(Pictures with short captions)
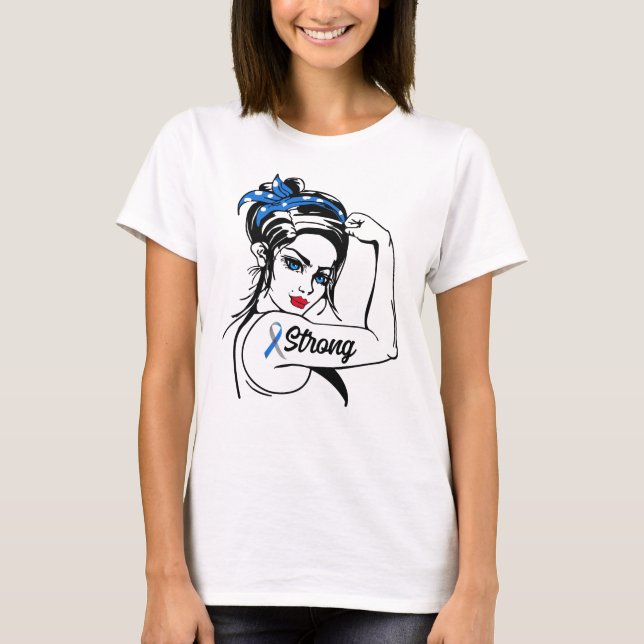 Typ 1 Diabetesbewusstsein starke Rosie-Mama T-Shirt (Vorderseite)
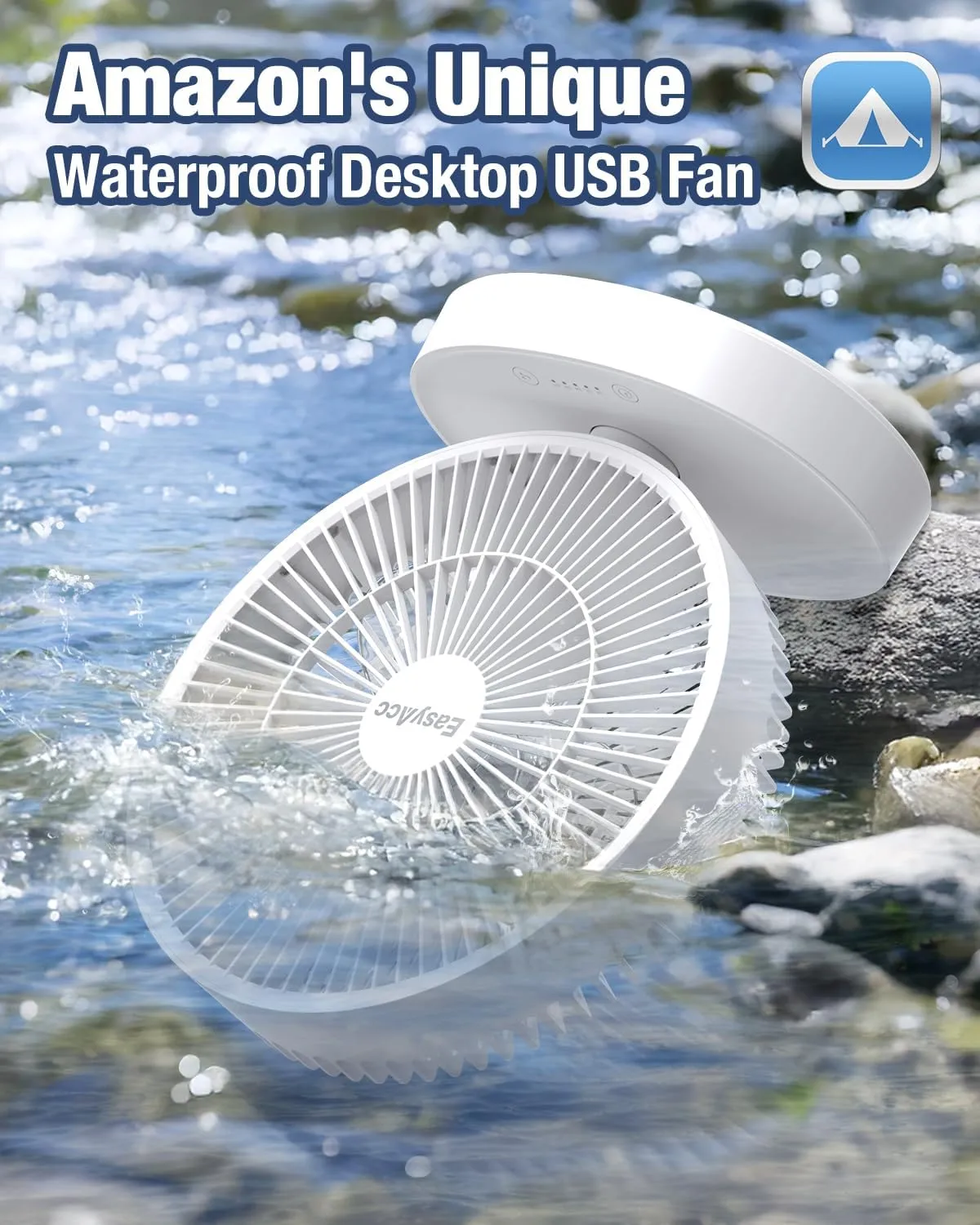 EasyAcc 11 Inch Large Desk Fan, USB Fan Air Circulator Fan Ultra Quiet 24 dB, IP67 waterproof, 5 Speeds, Timer, Energy Saving Table Fan, Adjustable Angle for Home, Office, BedroomUSB - Powered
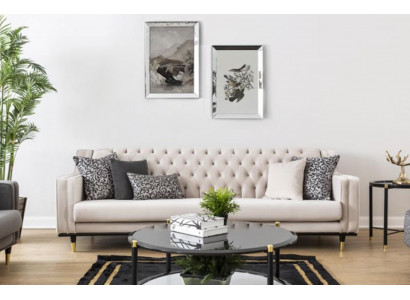 Klasická třímístná sedací souprava Chesterfield Beige luxusní pohovka Sofy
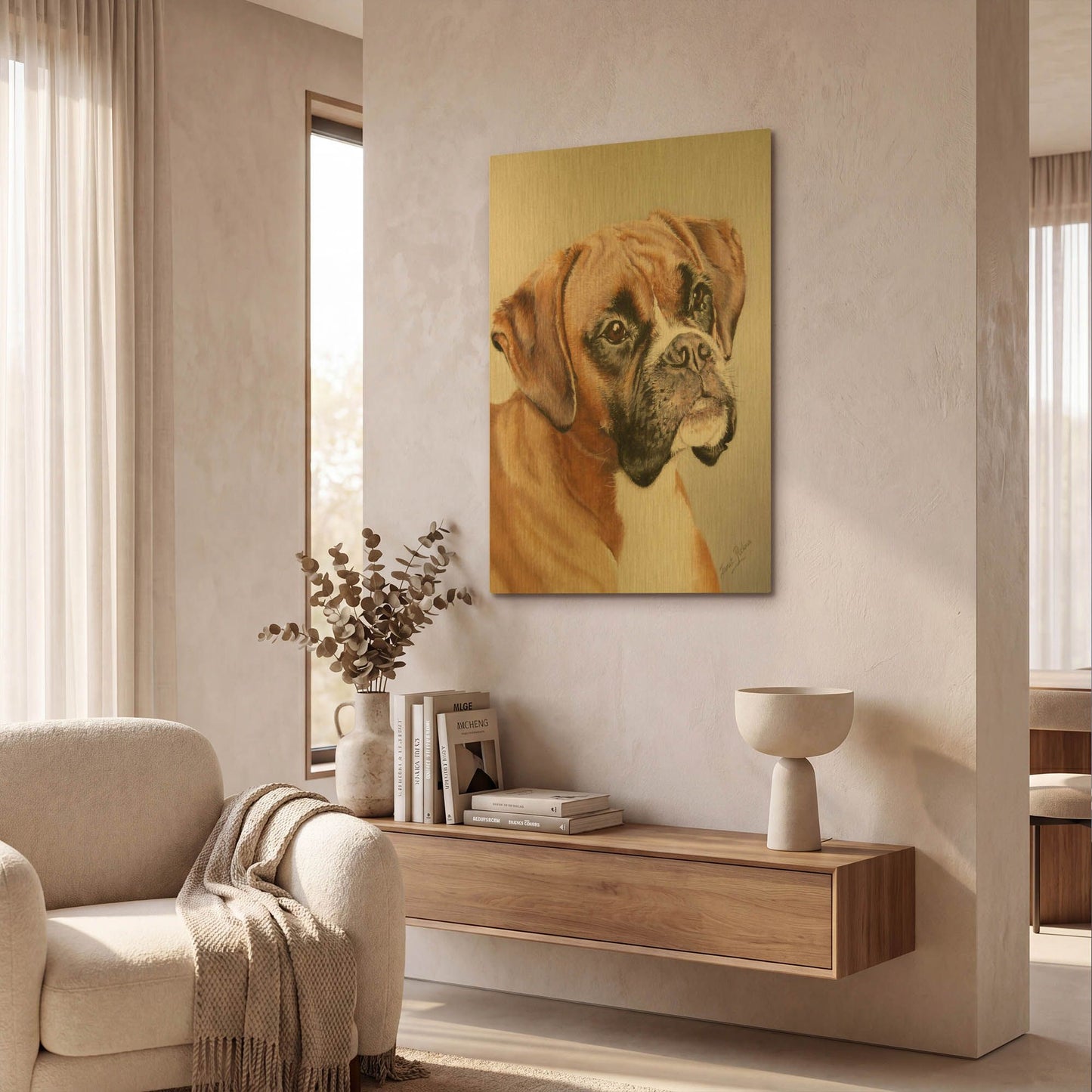 'Boxer' By Janet Pidoux Gold Metal Wall Art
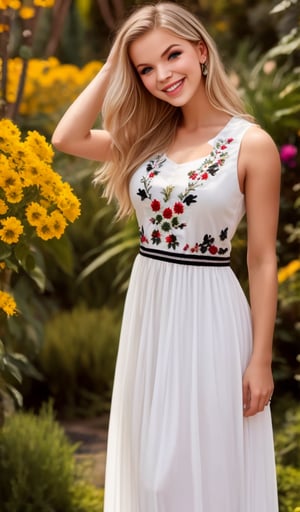 Beautiful young woman, blonde, smiling, (clear facial features), (dressed in a beautiful Ukrainian national white long dress with embroidered ornament black), sunny day, botanical garden, realistic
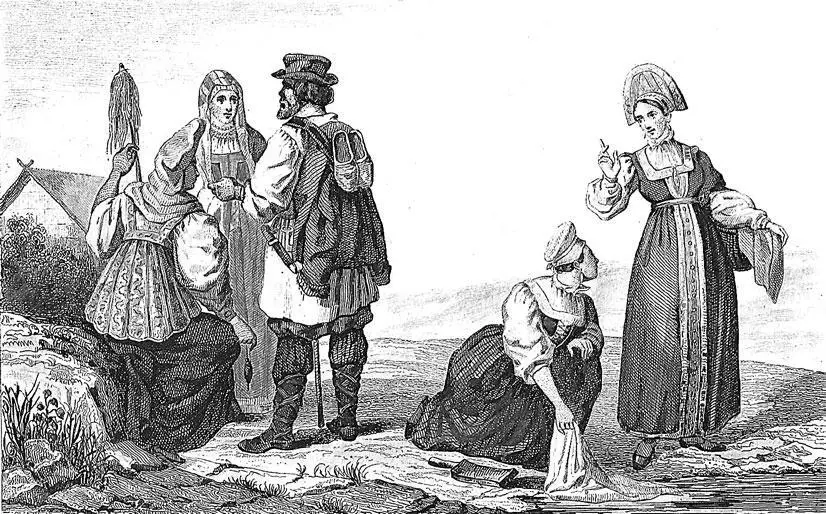 Русские крестьяне в национальных костюмах Гравюра 1838 г Потолки в каменных - фото 47
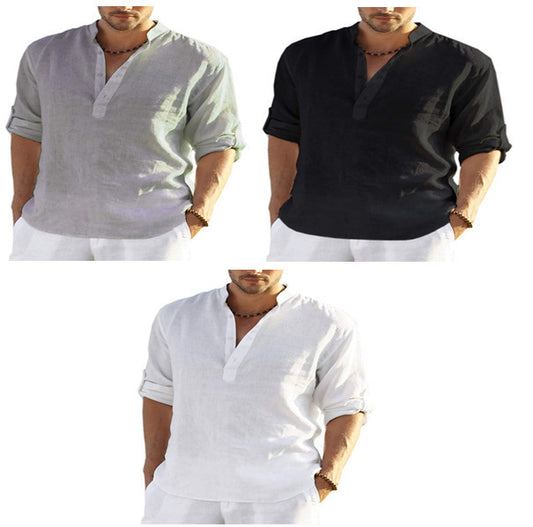 Men's Turkish Cotton Linen Shirt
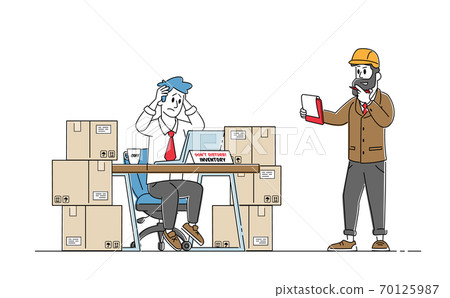 Inventory Managers Work in Warehouse with Stacks of Boxes and Pc Checking List of Goods for Distribution. Logistic 70125987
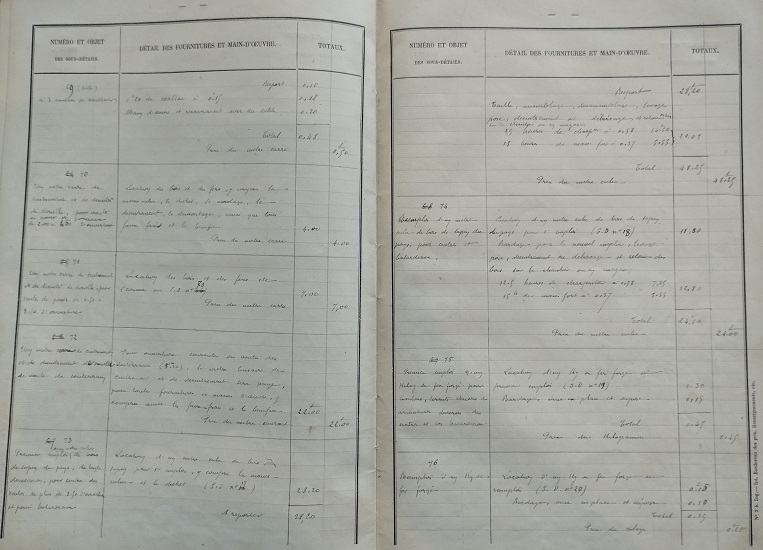 Renseignement sur la composition des prix - lot 1 du 22 novembre 1894 - 30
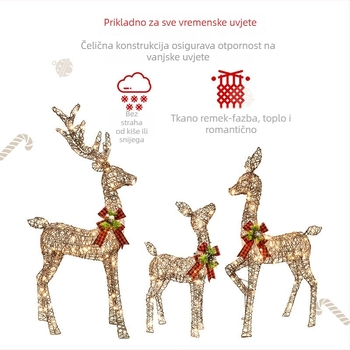 LED osvijetljena željezna jelen dekoracija – Huayicai, Željezna umjetnost, Božićna dekoracija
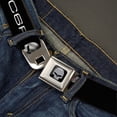 thumbnail image 2 of GM General Motors Belt, Seatbelt Buckle Belt, C6R Racing Skull Logo Black Silver, 30 to 44 Inches, 2 of 9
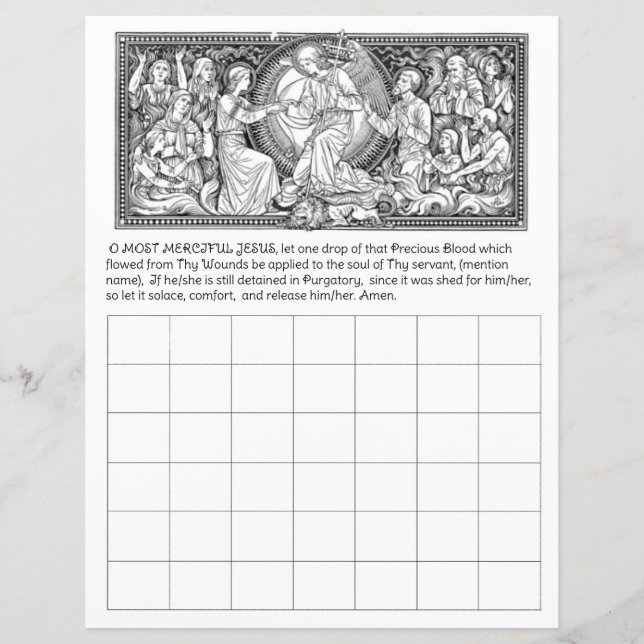 Stackars själar i Purgatory Prayers Calendar-katol (Framsida)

### Try it
Where a picture appears in the data, omit it; restate the rest word for word.

### Result for this exercise
 Typ 1 Diabetesbewusstsein starke Rosie-Mama T-Shirt (Vorderseite)
 EasyAcc 11 Inch Large Desk Fan, USB Fan Air Circulator Fan Ultra Quiet 24 dB, IP67 waterproof, 5 Speeds, Timer, Energy Saving Table Fan, Adjustable Angle for Home, Office, BedroomUSB - Powered
 Klasická třímístná sedací souprava Chesterfield Beige luxusní pohovka Sofy
 'Boxer' By Janet Pidoux Gold Metal Wall Art
 Beautiful young woman, blonde, smiling, (clear facial features), (dressed in a beautiful Ukrainian national white long dress with embroidered ornament black), sunny day, botanical garden, realistic
 Русские крестьяне в национальных костюмах Гравюра 1838 г Потолки в каменных - фото 47
 Men's Turkish Cotton Linen Shirt
 Inventory Managers Work in Warehouse with Stacks of Boxes and Pc Checking List of Goods for Distribution. Logistic 70125987
 Renseignement sur la composition des prix - lot 1 du 22 novembre 1894 - 30
 LED osvijetljena željezna jelen dekoracija – Huayicai, Željezna umjetnost, Božićna dekoracija
 thumbnail image 2 of GM General Motors Belt, Seatbelt Buckle Belt, C6R Racing Skull Logo Black Silver, 30 to 44 Inches, 2 of 9
 Stackars själar i Purgatory Prayers Calendar-katol (Framsida)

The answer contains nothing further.